Interesting People mailing list archives

IP: More on Who determines who your isp should be


From: Dave Farber <farber () cis upenn edu>
Date: Mon, 30 Nov 1998 02:05:13 -0500



Date: Mon, 30 Nov 1998 00:57:07 -0500
To: farber () cis upenn edu
From: Bob Schmidt <schmidt () magicnet net>
Subject: Re: IP: Who determines who your isp should be

Dave,

IF your local telephone monopoly decided that it alone could be your
Internet service provider when you went online via your telephone wire,
you would be outraged. Yet that's precisely what your local cable-TV
monopoly insists on when it provides Net access.

It is hard to see how  anyone other than AOL stands to benefit from what
AOL wants from the cable companies.  Certainly AOL users should be able to
take advantage of competition and sign up with the cable company if they
want to. Just as they can now sign up with a local  or national ISP. In
either case the user will say goodbye to AOL as an ISP, though the user may
decide to keep AOL as a proprietary online service.
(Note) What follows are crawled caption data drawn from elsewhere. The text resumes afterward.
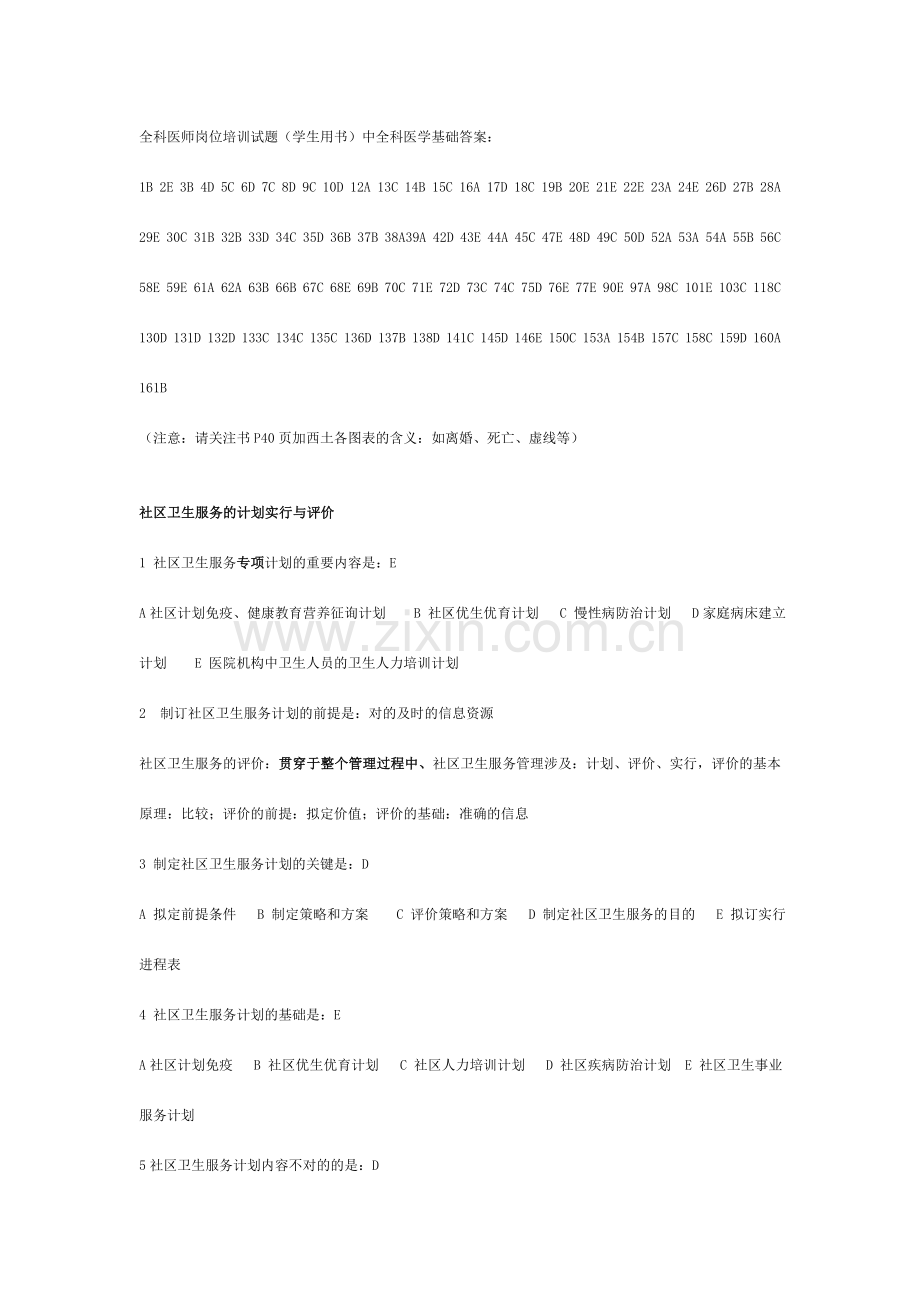 全科医师岗位培训试题库中全科医学基础答案.doc_第1页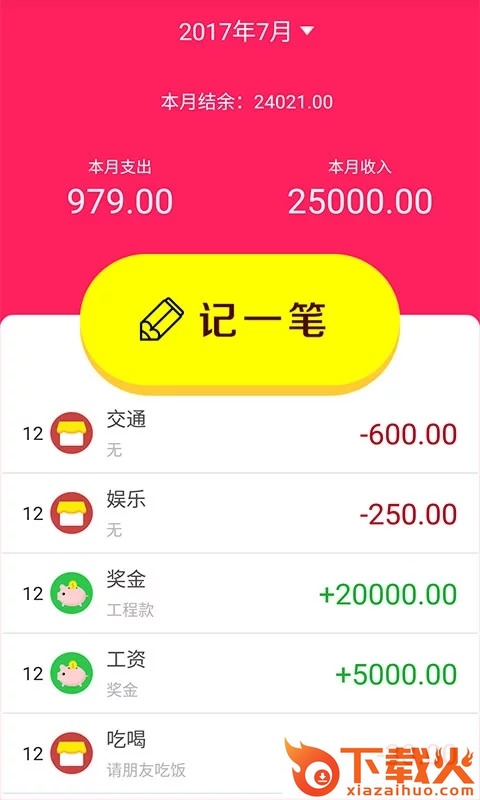暖心记账本安卓版截图1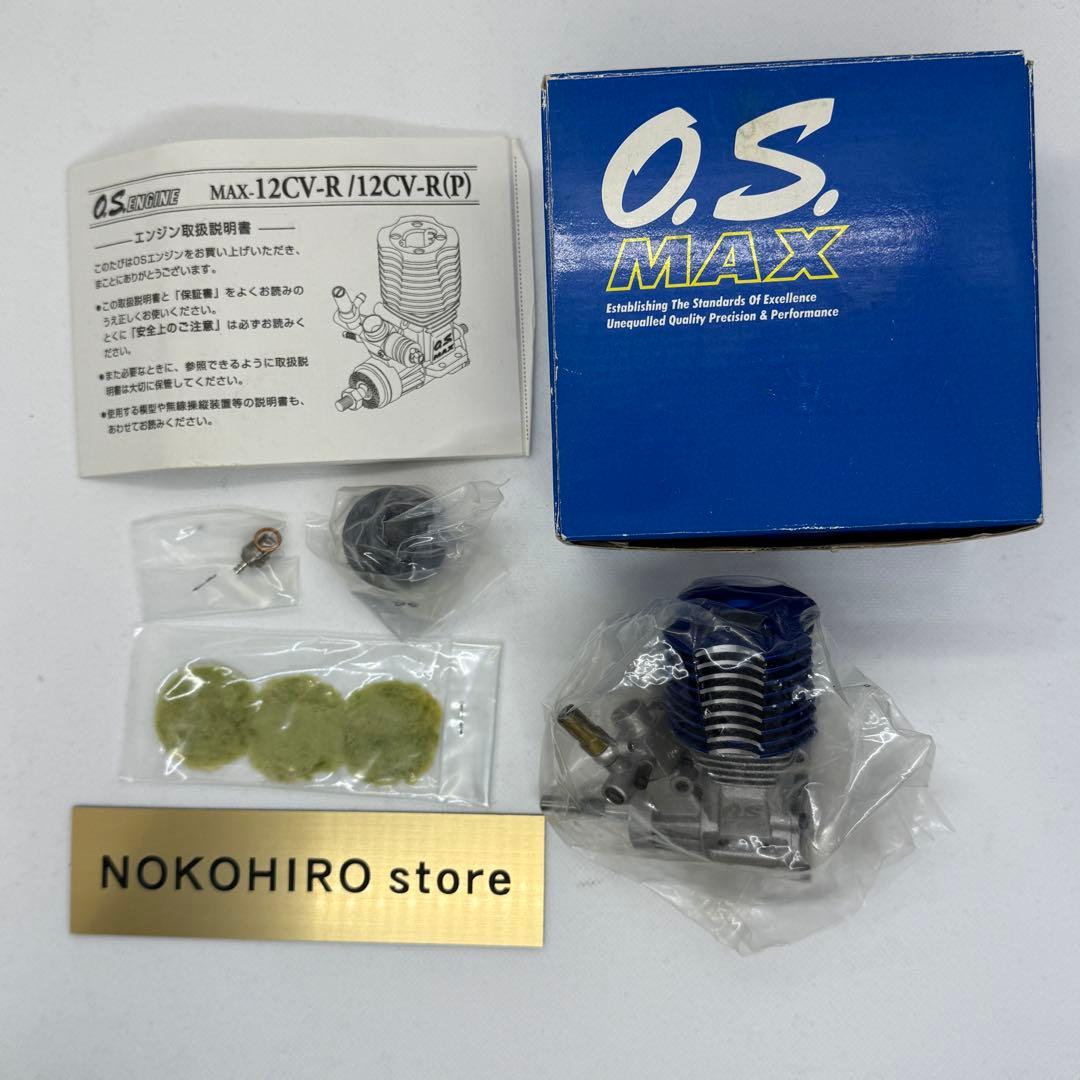 未使用品小川精機O.S.ENGINE MAX-12CV-R（P10A 11293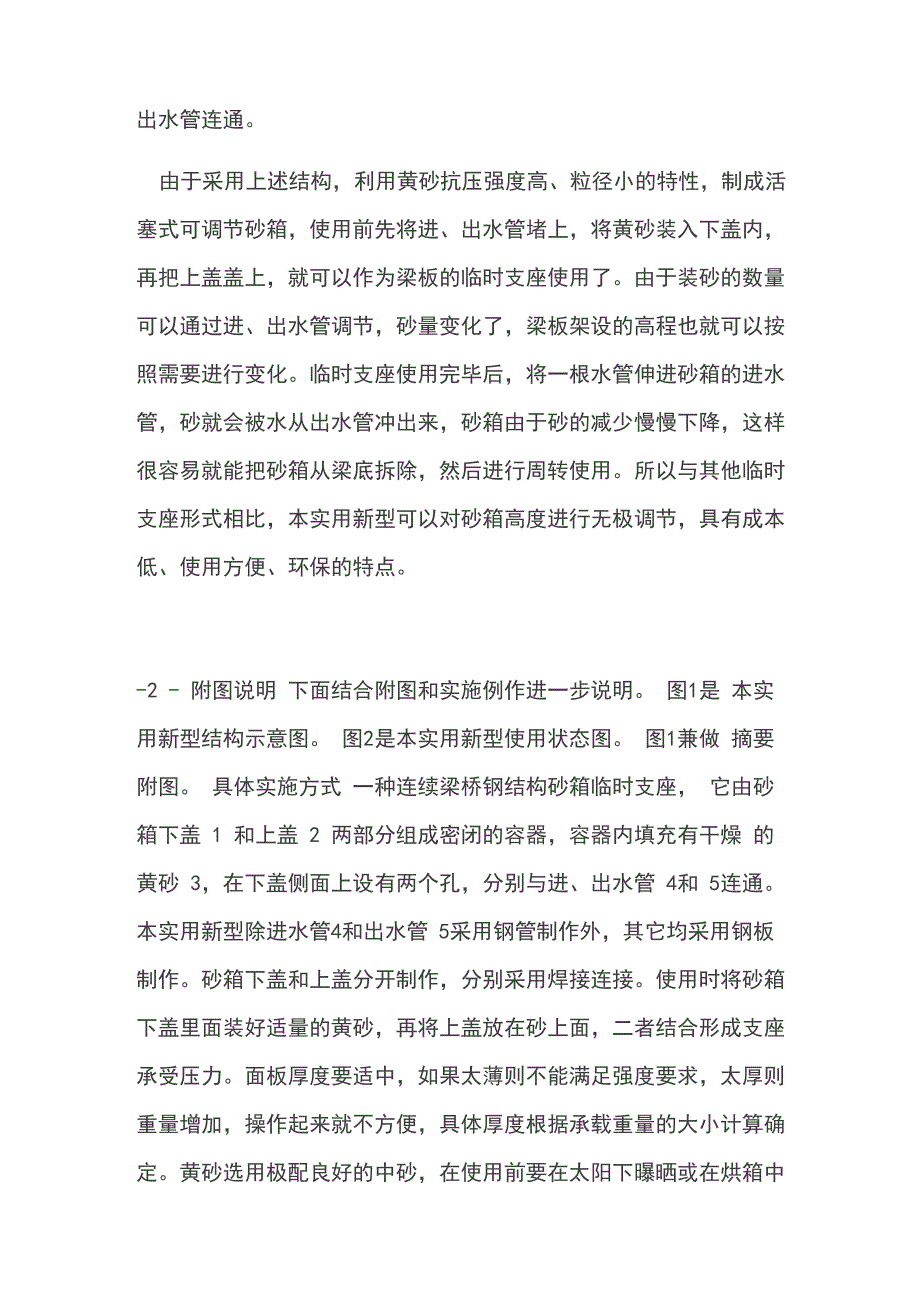 连续梁桥钢结构砂箱临时支座_第3页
The more AOL presses the cable issue the sooner it will become a strategy
that backfires. Because ultimately,  if the cable company has to be a
common carrier just because the phone company is a common carrier, then by
the same logic AOL and all ISP's -- from the small independent to the
nationals to the backbone providers -- will also have to be common
carriers. And being a common carrier is probably the last thing AOL wants
to be.  And bottomline, either the cable company is a cable company or it
is a phone company. But if cable is really telephone, then what are ISP's
who are already designated as enhanced telephone service providers? Why
can't the cable company be an ISP -- i.e. an enhanced telephone service or
even an online service -- just like AOL?

The online services -- AOL and Compuserve in particular -- want to be
private members-only online country clubs setting rules for their members
and keeping an eye on their members one minute and be exempt from liability
for liable and defamation and not keeping an eye on their members the next
. They don't want to offer common carrier services to their own members,
yet they say the sky is falling if anyone else tries to do the same thing.
The hypocrisy runs so high it is unbelievable.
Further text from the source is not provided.